Action item:
Word for word, transcribe every line from the one holding "ICE Professional Curl My Hair Co-Wash kondicionáló - 250ml ICE" through the end of the records, but not the pictures.
====== Supplied data
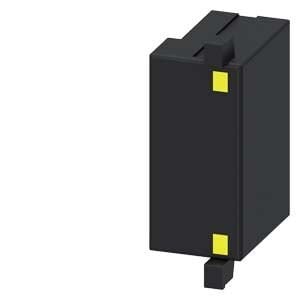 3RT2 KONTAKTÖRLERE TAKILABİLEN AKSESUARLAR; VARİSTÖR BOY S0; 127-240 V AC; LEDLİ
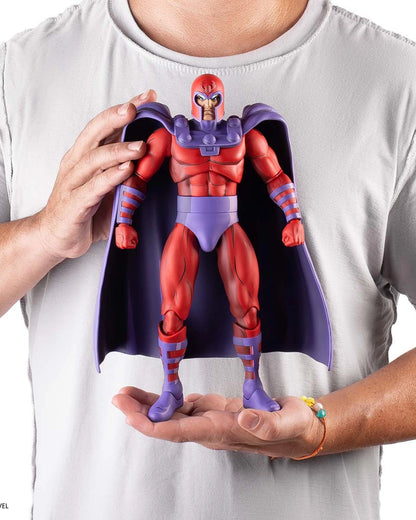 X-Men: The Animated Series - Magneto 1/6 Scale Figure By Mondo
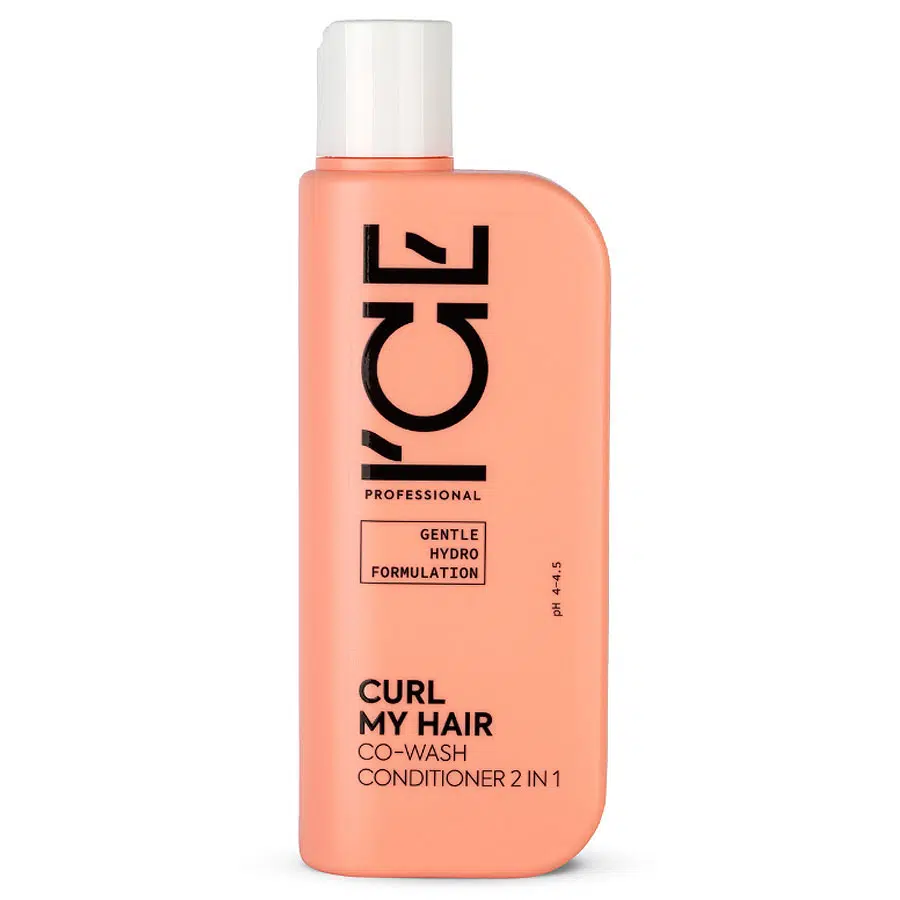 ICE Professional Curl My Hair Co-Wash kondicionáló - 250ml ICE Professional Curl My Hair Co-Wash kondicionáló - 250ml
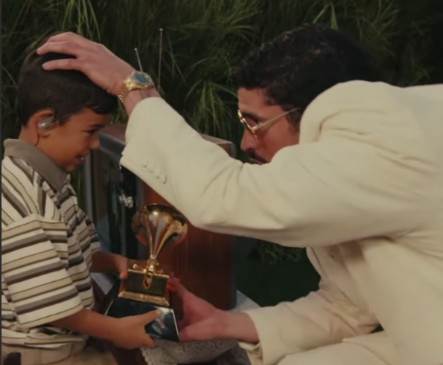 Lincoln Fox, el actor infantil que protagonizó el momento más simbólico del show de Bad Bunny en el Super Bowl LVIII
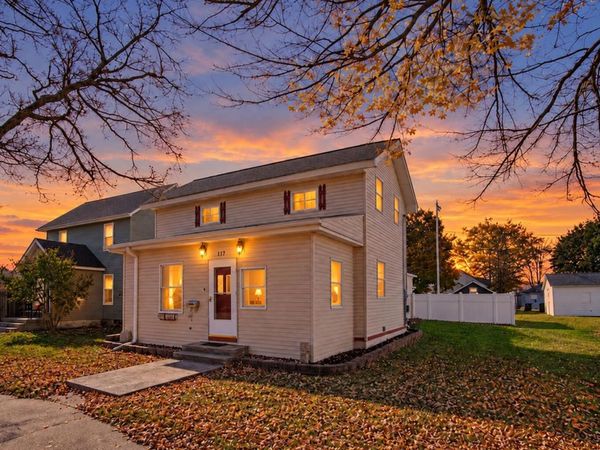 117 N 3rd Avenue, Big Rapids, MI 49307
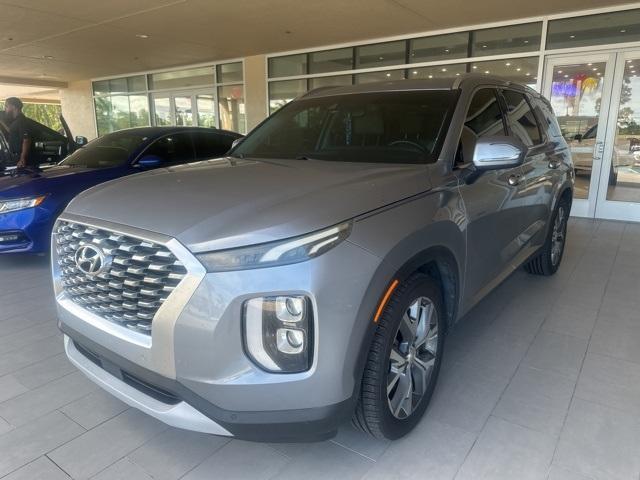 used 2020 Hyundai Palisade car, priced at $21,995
============
Output below:
 ICE Professional Curl My Hair Co-Wash kondicionáló - 250ml ICE Professional Curl My Hair Co-Wash kondicionáló - 250ml
 Lincoln Fox, el actor infantil que protagonizó el momento más simbólico del show de Bad Bunny en el Super Bowl LVIII
 117 N 3rd Avenue, Big Rapids, MI 49307
 used 2020 Hyundai Palisade car, priced at $21,995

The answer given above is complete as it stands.